I have so many memories of the times that this decade of reflections has invoked that in some respects I had forgotten about.
For me, the memories always start with Charles Dickens – A Tale of Two Cities – it was the best of times; it was the worst of times.
The best times are reflected in the people I met – like Bruce – and the generosity that each of them showed to a Member of Parliament who had set herself on a journey of discovery in the wake of the disaster the recovery from the earthquakes came to represent.
Bruce was part of the very first presentation to community leaders after the September earthquakes – one of the councillors went and she gave me a copy of the slide deck.
This is where I learned about the hidden story – what was going on before the crisis began – because not understanding that could condemn us to re-embedding any dysfunction that pre-existed the event into what was built.
I have spoken many times about learning the lessons that history teaches us. We know we are condemned to repeat them if we don’t.
And as I have also said many times, we look back not to blame, but to understand. If we name, shame and blame then we risk not learning the lessons that will help others in the future.
I still believe that people don’t deliberately set out to ignore best practice – the trouble occurs when they convince themselves that something has no precedent, then how else to proceed but to make it up as we go.
This is an incredibly significant book about our disaster experience, because it engages a range of Critical Disaster Studies Perspectives.
I have read once over lightly. And I can’t wait to dig more deeply into each aspect.
From the opening chapter on the critical studies imperative through to the concluding reflections: making social choices in turbulent times, we are asked to reflect on the events that occurred, the order of priorities that were chosen and how decisions were made.
I was reflecting today on the announcement in Sept 2012 of the schools’ closures and mergers the government decided to impose on communities still struggling to come to terms with their earthquake damage. The reflections in here about the decision to prioritise the base-isolation of the Art Gallery over other more critical work caused me to think about those who fought the individual school decisions and won and those who fought equally hard and lost - from a socio-economic perspective – Redcliffs and Philipstown equally deserving but totally opposite results.

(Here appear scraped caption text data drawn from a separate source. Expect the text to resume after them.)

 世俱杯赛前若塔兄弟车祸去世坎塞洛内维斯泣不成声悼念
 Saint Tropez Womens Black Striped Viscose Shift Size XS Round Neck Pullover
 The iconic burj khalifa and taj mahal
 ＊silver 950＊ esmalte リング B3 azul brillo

This book is an important contribution to the literature that will inform best practice for the future. I recall the despairing message given by one of the speakers at the International Speakers Series - an important component of the Councils extraordinary Share an Idea campaign - that the model imposed by central government was an example of worst practice.

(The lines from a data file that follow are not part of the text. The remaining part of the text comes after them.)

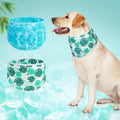 BEAUTYZOO Dog Cooling Bandana for Medium Large Dogs, 2 Pack Instant Cooling Bandanas Breathable Cooling Ice Towel Neck Wraps, Pet Scarf Keep Dogs Cool in Hot Summer,Leaf L - color: Leaf + Ripple Green, size: Large(Neck Girth:14-23in)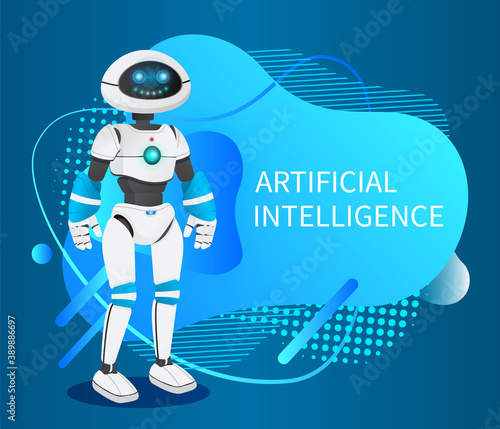 Futuristic robot like a human, artificial intelligence. Innovative humanized model of robot. Realistic smiling android at abstract background with dotes, lines, circles. Cybernetic science, droid
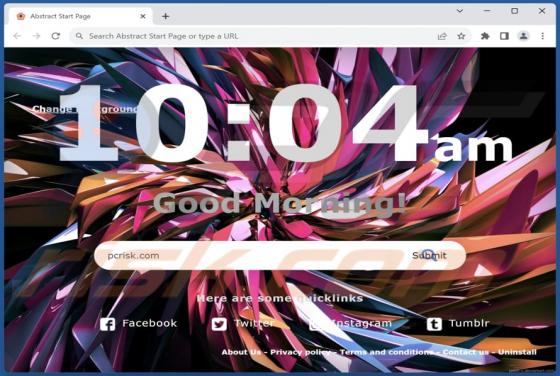 Abstract Start Page Browser Hijacker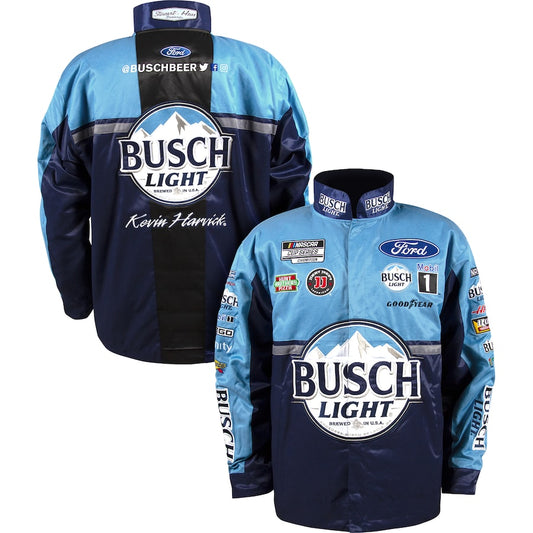 NASCAR Jacke Kevin Harvick Stewart-Haas Racing Team Busch Uniform Jacke Blau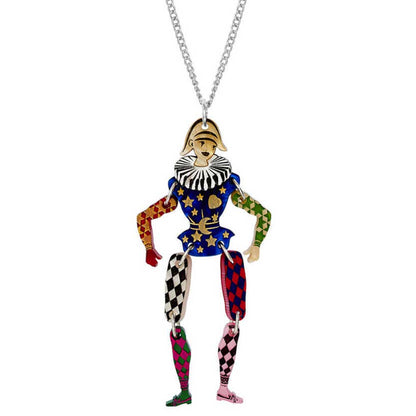 Tatty Devine harlequin pendant: a jointed harlequin figure in patterned colours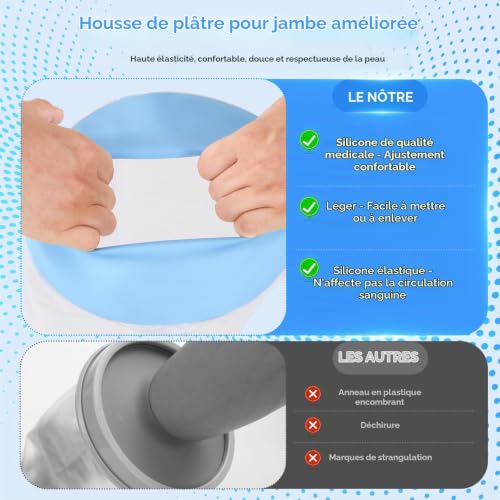 AMSGANK Protection Platre Jambe Adulte, Protège-plâtre Jambe Etanche et Réutilisable Protection Jambe Douche Protecteur de Bandage Sac Douche Platre pour la Jambe Cassée, le Pied – vue 5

I met Doug Ahlers from Harvard University and I know when he wrote that he – as did all the speakers who co-signed a letter to the PM – he was wanting to offer help to a city that each knew would struggle to recover under the model imposed by the Canterbury Earthquake Recovery Act.

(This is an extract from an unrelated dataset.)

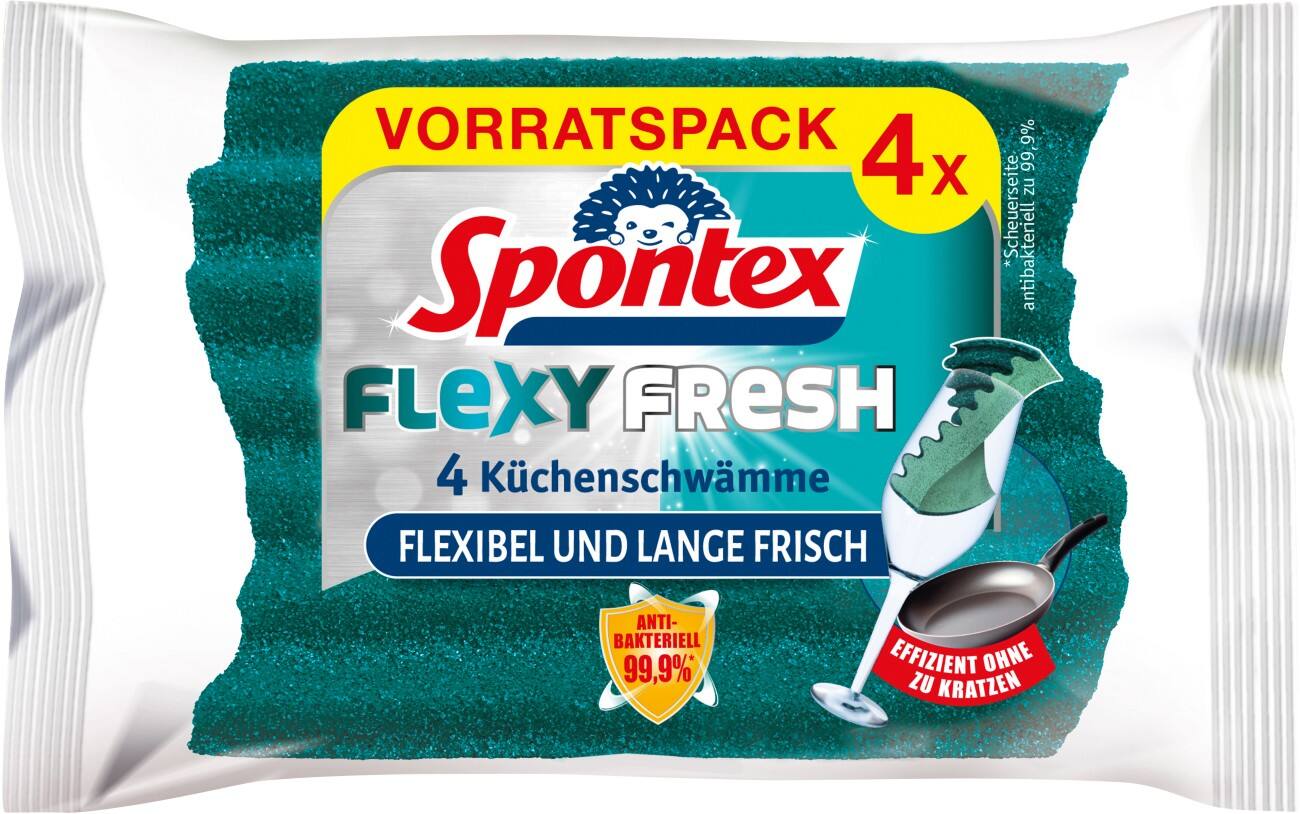 Spontex Flexy Fresh Spons 19 x 5 x 11,5 cm Groen 4 Stuks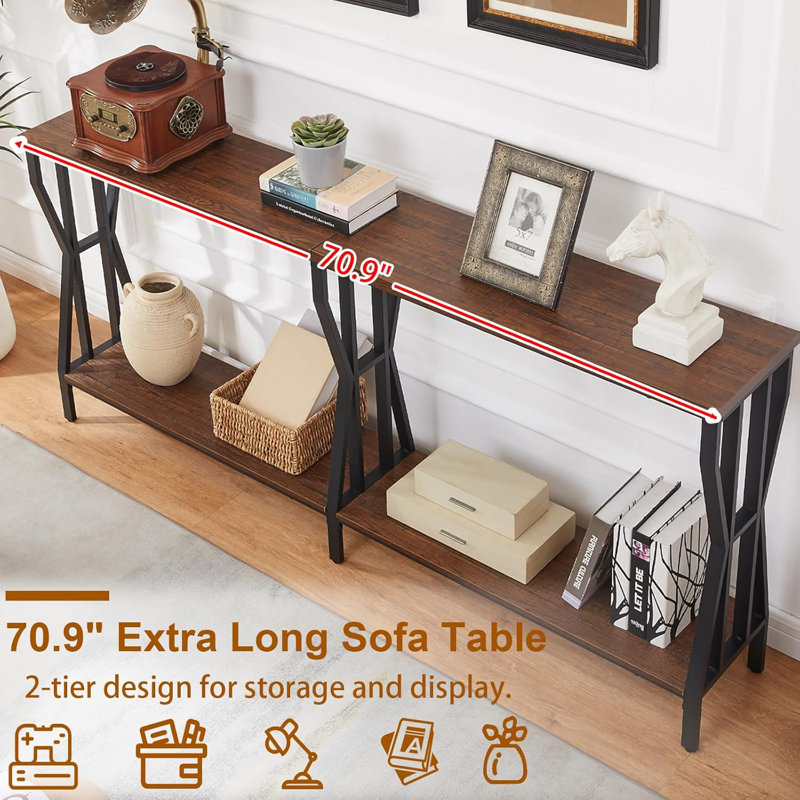 Canapé console, canapé extra long de 70,9 po avec rangement à 2 niveaux. Brun rustique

There is considerable reflection in this book about the importance of Share an Idea and the imposition of the Blueprint that followed. The most telling line was:
“The Minister’s decision to jettison the plan is a dark spot that closed down opportunities for civil society to shape recovery outcomes”.
Learning lessons is an important part of our shared responsibility post-disaster. But most importantly we need to ensure that the lessons we learn from our experience are embedded into future practice, so we don’t make the same mistakes again and again.
We often learn more from the things we get wrong, as we do from the things we do well.
This is a timely book and will be of considerable interest to community members and academics alike. A big congratulations to all the contributors and editors. This will be essential reading for those who want to commit to best practice and to engage the community every step of the way. And for every candidate in the coming elections.
I will end with this whakatauki: Kia whakatōmuri te haere whakamua - 'I walk backwards into the future with my eyes fixed on my past' – that’s how we learn from what we have experienced. Thank you once more.